Chirac: Turkey will need to recognize Armenian killings during entry talks
By RAF CASERT

The Associated Press
12/17/04 13:17 EST

BRUSSELS, Belgium (AP) – French President Jacques Chirac told Ankara on
Friday it would have to recognize the mass killings of Armenians in the early
20th century if it wants to become a member of the European Union, insisting the
French would otherwise vote Turkey out in a referendum.

In an extremely guarded welcome to the announcement that the EU will open
membership negotiations with Turkey next October, Chirac said Ankara needed to
go even beyond the list of conditions imposed on it at the EU summit Friday.

“The French people will have the last word,” Chirac told reporters about
the possible referendum if Turkey’s membership negotiations are successful in
ten to 15 years’ time.

He said the French would resolutely vote against membership if the Armenian
massacres are not recognized by the Turkish government.

“If this work is not done then the French would clearly draw conclusions
from this,” he said.

Many French have grave misgivings about Turkey joining, fearing an influx of
cheap labor to France, already stung by 10 percent unemployment. Many here
also question Turkey’s human rights record and its people’s embrace of Islam.

Armenia accuses Turkey of genocide in the killings of up to 1.5 million
Armenians as part of a 1915-1923 campaign to force them out of eastern Turkey. At
that time, Armenia was part of the Ottoman Empire.

Turkey remains extremely sensitive to the issue. It denies the genocide,
says the death count is inflated and that Armenians were killed or displaced
along with others as the Ottoman Empire tried to quell civil unrest.

All EU nations must approve any new member, effectively giving each country
a veto.

Chirac said he was confident Turkey would move toward that recognition in
time, but the episode on Armenia highlighted a press conference flush with
warnings and conditions that there were many ways the negotiations could go wrong.

“Turkey will have to make a remarkable effort,” Chirac said, although he
recognized the country had already made “formidable efforts” in pushing
through political and economic reforms to make it to candidate member status.

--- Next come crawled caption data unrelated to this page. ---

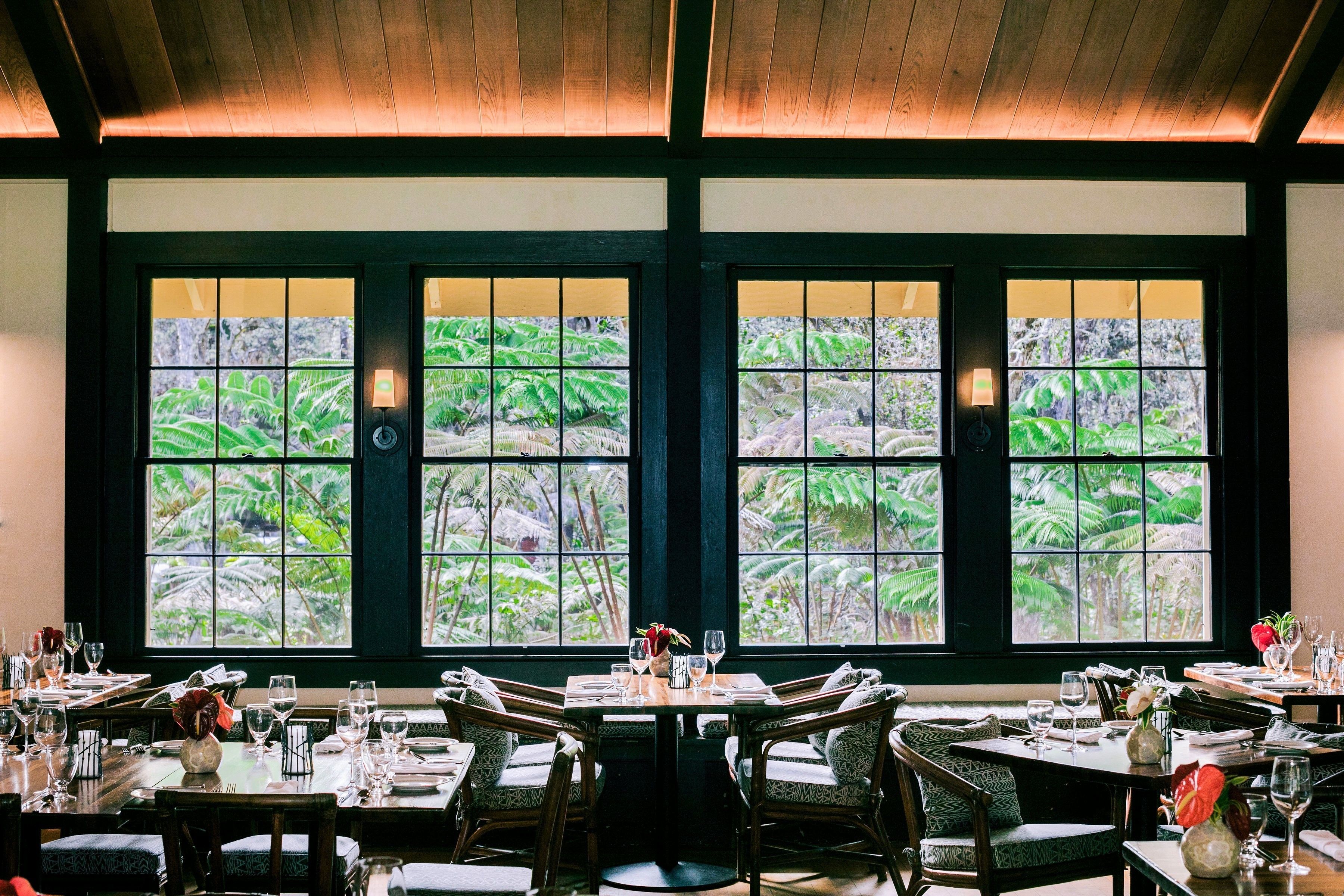 A restaurant with large windows offering views of lush greenery. Tables are set with wine glasses and plates.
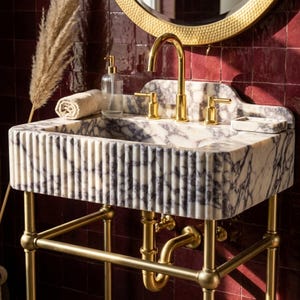 May include: A white and grey marble sink with a fluted exterior design, supported by a gold metal frame. The sink features a high-arched gold faucet, two gold handles, a matching soap dish, and a clear glass soap dispenser with a gold pump.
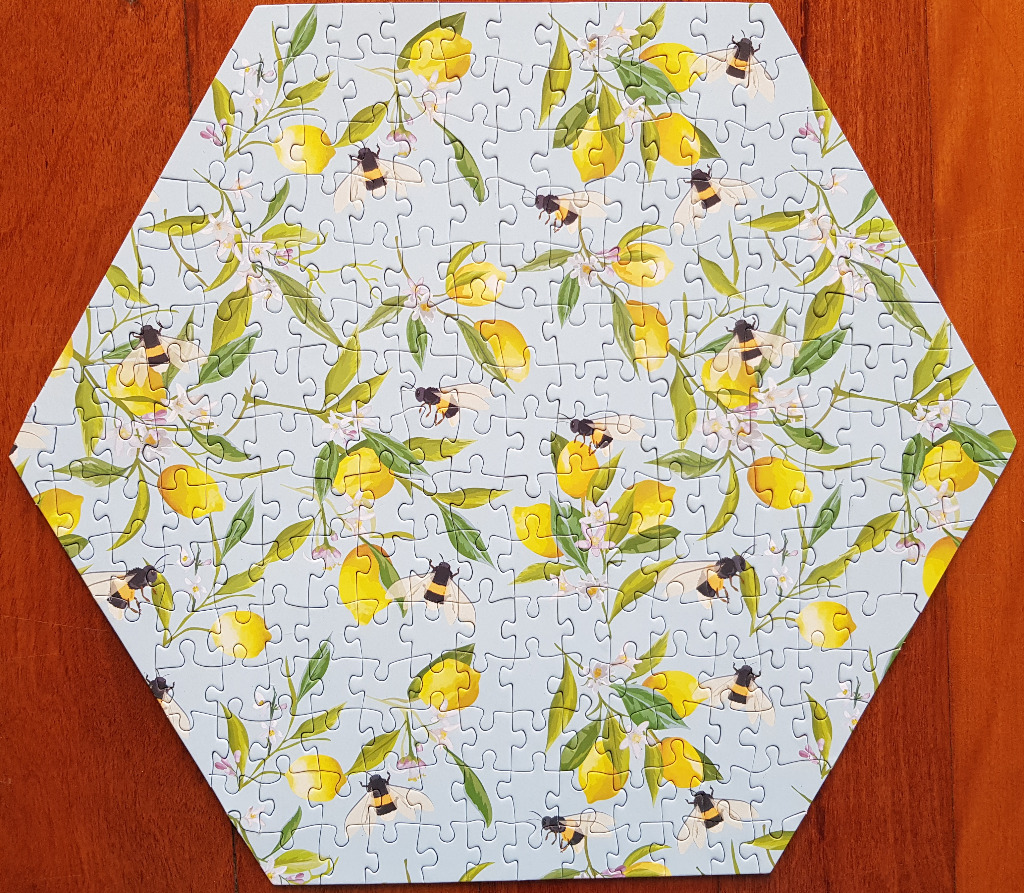 A hexagonal illustration of lemons, green leaves, white blossoms, and honeybees on a light blue background.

He stressed that any member can block talks on any chapter under review for
membership and said that if Turkey is found guilty of human right violations,
the talks would be suspended.

Overall, Chirac said, “no one can prejudge what will happen. Possibly
things can go wrong and you can have a crisis, either from the EU or Turkish side.
Then you would have a rift.”

French-Turkish ties became strained in 2001, when French parliament’s
recognition of the killings as a genocide sparked a boycott of French goods and an
exclusion of French companies from Turkish defense contracts.